Les Juifs de Marseille ont payé le plus lourd tribut, reconnu depuis comme l’un des plus graves crimes contre l’humanité qui aient été connus. L’histoire de ces immigrés napolitains mais aussi grecs, arméniens, espagnols voire même africains, chassés de chez eux, puis transférés de force vers Fréjus et pour certains déportés, est restée longtemps méconnue. “D’abord, parce que les gens ont été disséminés, explique Michel Ficetola. Certains se sont logés aux alentours de Fréjus, d’autres autour de Marseille. Certains sont revenus vivre au Panier. Tous étaient pauvres, peu au fait de leurs droits“.

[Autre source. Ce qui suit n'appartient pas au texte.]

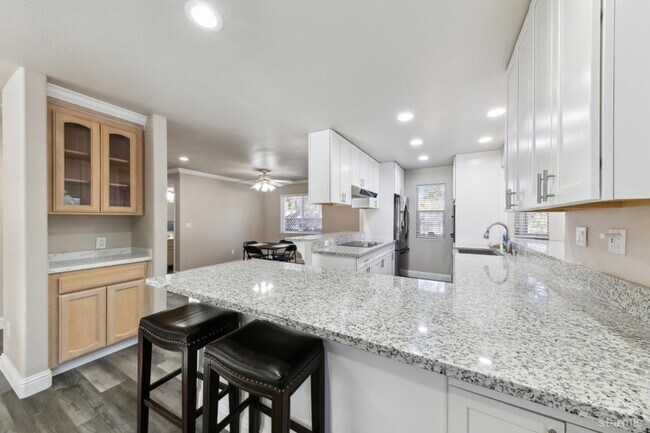 Foto del edificio - 2543 Knox Ave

Dans sa plainte, Pascal Luongo démontre que si le quartier Saint-Jean a ainsi été visé, c’est d’abord parce qu’il abritait des populations étrangères. L’évacuation et la destruction répondent d’une action concertée des autorités allemandes et françaises en vue “de nettoyer et de détruire le quartier du Vieux-Port de Marseille comme le plus grand centre de criminalité du continent, dirigé par des milliers de personnes de race étrangère”, peut-on lire sous la plume d’un des chefs de la police, dans une des pièces apportées au dossier.